Qu’est-ce que la démission silencieuse ?

La « démission silencieuse » ou « quiet quitting » est une nouvelle terminologie pour décrire un phénomène déjà existant. De manière préventive ou réactionnelle, cette expression est utilisée quand on établit des limites pour se prémunir de l’épuisement professionnel.

Parler de « démission silencieuse » est trompeur car les « démissionnaires » ne quittent pas leur emploi, ils réalisent ce pour quoi ils sont payés, rien de plus. Il n’y a pas encore suffisamment de recul pour mesurer de manière fiable la réalité définie par ce phénomène, mais il s’agit d’un désengagement des collaborateurs et d’une simple application des termes d’un contrat.

démission silencieuse au travail

Le besoin de changement dans son rapport au travail s’avère être un ressenti de plus en plus présent. Il ne s’agit pas d’une démission où un employé quitterait son emploi, mais fait référence au fait de respecter ses obligations contractuelles et de ne plus se surinvestir dans son travail. Les personnes se retirent d’un surinvestissement qui porterait préjudice à leur santé et à leur équilibre vie privée / vie professionnelle.

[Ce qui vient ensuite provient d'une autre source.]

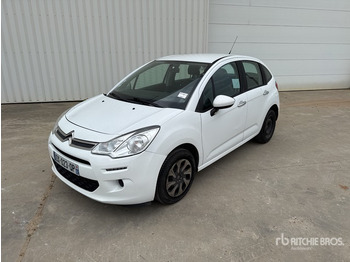Avtomobil CITROËN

Dans la lignée de la « Big Quit » qui a frappé les États-Unis l’année dernière, la « démission silencieuse » vient à son tour révéler quelque chose de la relation au travail et de l’engagement des collaborateurs : ne plus passer à côté de sa vie privée à cause du travail et s’épanouir professionnellement sans tout sacrifier.

Les conséquences d’un mal être au travail

La « démission silencieuse » peut être considérée comme une conséquence ou un moyen de défense contre un mal être au travail et des phénomènes comme le présentéisme, burn-out, bore-out ou brown-out.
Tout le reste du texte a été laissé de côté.